Namun, setelah tampuk kepemimpinan berganti ke Gubernur Arinal Djunaidi, rencana strategis itu menguap tanpa kelanjutan.
Alih-alih digunakan sesuai peruntukan, tanah bersertifikat atas nama Pemprov Lampung itu justru disewakan oleh Kepala Desa Branti atas kepercayaan Kadishub Bambang Sumbogo.
Rata-rata harga sewa di lapangan mencapai Rp3,5 juta per hektare per tahun. Dengan total 112 hektare, potensi pendapatan daerah seharusnya mencapai Rp392 juta per tahun.
Namun kenyataan berkata lain. Berdasarkan Laporan Keuangan Pemprov Lampung Tahun 2024 dalam LHP BPK RI Nomor 17A/LHP/XVIII.BLP/05/2025, realisasi pendapatan retribusi hanya Rp110,21 juta dari target Rp342,34 juta.
Selisihnya mencapai Rp282 juta, angka yang menandakan potensi kebocoran besar.
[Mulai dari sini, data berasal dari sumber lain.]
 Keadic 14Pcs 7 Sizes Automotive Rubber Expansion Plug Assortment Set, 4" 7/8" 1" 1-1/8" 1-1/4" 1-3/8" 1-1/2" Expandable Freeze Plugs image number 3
Bahkan, dibanding tahun 2023, retribusi justru turun dari Rp121,6 juta menjadi Rp110,2 juta.
Dalih Pembangunan Gorong-Gorong dan Dugaan “Backing”
Kepala Desa Branti disebut-sebut mengakui sebagian dana sewa tanah digunakan untuk pembangunan gorong-gorong, bukan disetor ke kas daerah.
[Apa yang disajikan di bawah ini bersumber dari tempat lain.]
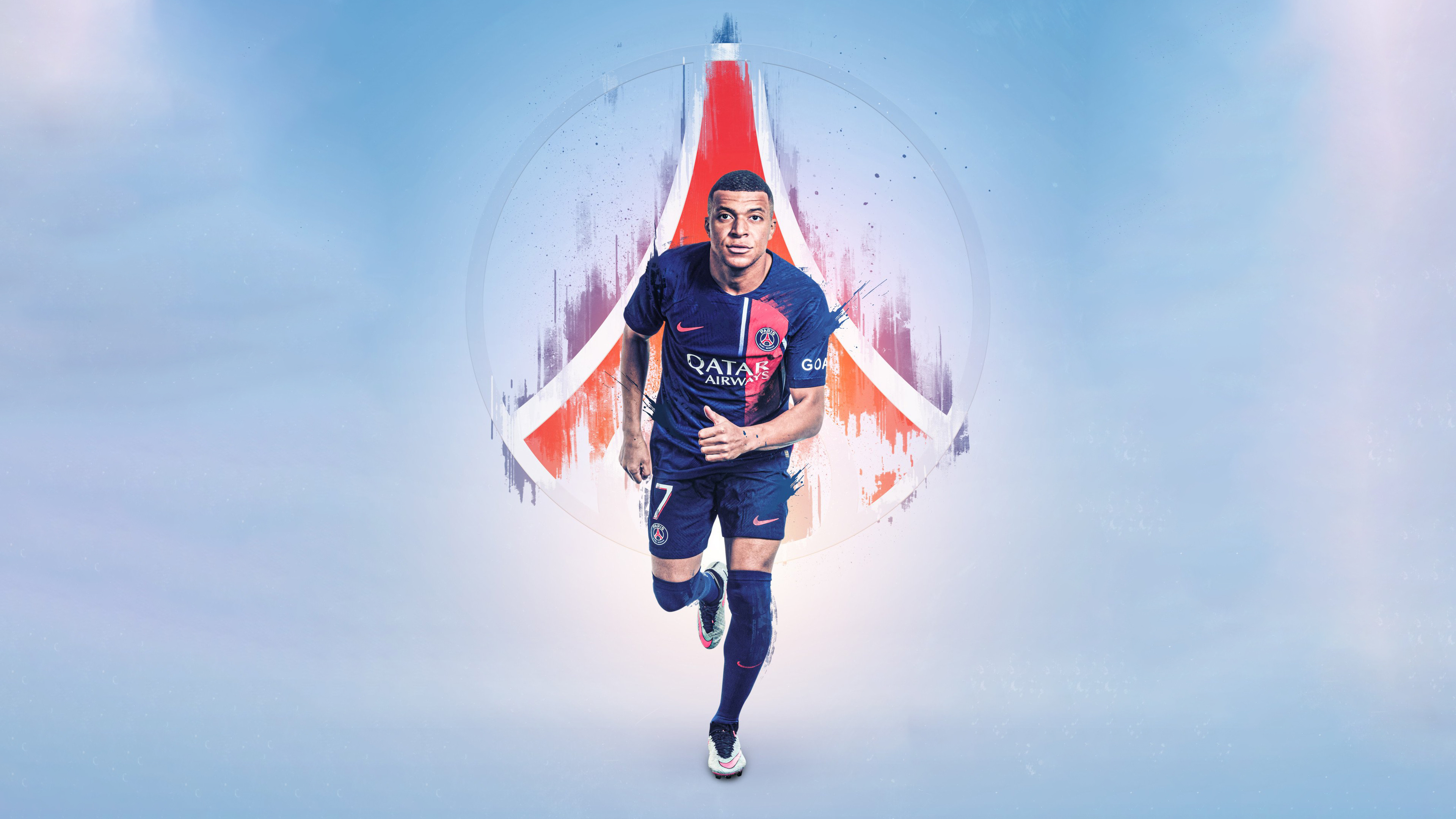 Kylian Mbappé wearing a Paris Saint-Germain football jersey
“Kadishub pernah sidak ke sini. Dia kaget lihat banyak warga sudah bercocok tanam di tanah Pemprov. Itu konsekuensi dari menyerahkan pengelolaan aset ke kepala desa tanpa ada tim pengawas dari Dishub,” ungkap seorang mantan ASN Dishub Lampung, Rabu (15/10/2025).
Dalam laporan BPK, Dishub beralasan rendahnya realisasi retribusi disebabkan oleh banyaknya warga penyewa yang belum membayar karena belum panen.
Dishub mengaku telah melakukan sosialisasi dan dua kali mengirimkan surat teguran. Namun, hingga akhir 2024, tagihan tetap tidak tertagih.
Penelusuran di lapangan justru menemukan dugaan adanya oknum Dishub dan aparat penegak hukum (APH) yang menjadi “backing” para penyewa.
“Banyak permainan di bawah tangan di lahan Bandara ini. Kalau pejabatnya tidak diganti, aset ini akan terus jadi bancakan,” kata seorang warga penyewa, Selasa (14/10/2025) malam.
Data Beda, Akurasi Dipertanyakan
Masalah lain muncul dalam ketidaksinkronan data retribusi. Dalam laporan Dishub kepada Ketua Komisi IV DPRD Lampung Mukhlis Basri, target retribusi tahun 2024 disebut sebesar Rp400 juta dengan realisasi Rp198,28 juta.
Namun, data resmi LKPD Pemprov Lampung 2024 yang ditandatangani Gubernur Rahmat Mirzani Djausal menunjukkan target Rp342,34 juta dan realisasi Rp110,21 juta. Ada selisih Rp88,07 juta antara laporan Dishub dan data resmi pemerintah provinsi.
“Perbedaan data antara dinas dan laporan resmi gubernur adalah hal serius. Ini bisa masuk kategori pelanggaran administrasi berat, bahkan indikasi manipulasi angka,” ujar Reza menegaskan.
Pengamat: Gubernur Harus Turun Tangan
Pengamat kebijakan publik Reza Pahlepi menilai kasus ini menjadi peringatan keras bagi pemerintah daerah. Ia menegaskan, lemahnya pengawasan aset daerah berpotensi menimbulkan kerugian besar bagi keuangan negara dan memperlemah kepercayaan publik.
“Retribusi aset daerah bukan sekadar soal angka. Ini soal integritas pejabat publik. Kalau ratusan juta rupiah bisa bocor begitu saja, ini sinyal bahaya,” ujarnya.
Ia mendesak agar Gubernur Rahmat Mirzani Djausal segera menertibkan bawahannya.
“Jangan tunggu sampai BPK atau aparat penegak hukum yang bergerak. Pemprov harus berani bersih-bersih dari sekarang,” tegas Reza.
(Hingga berita ini ditayangkan, Kadis Perhubungan Bambang Sumbogo belum memberikan respons ataupun klarifikasi).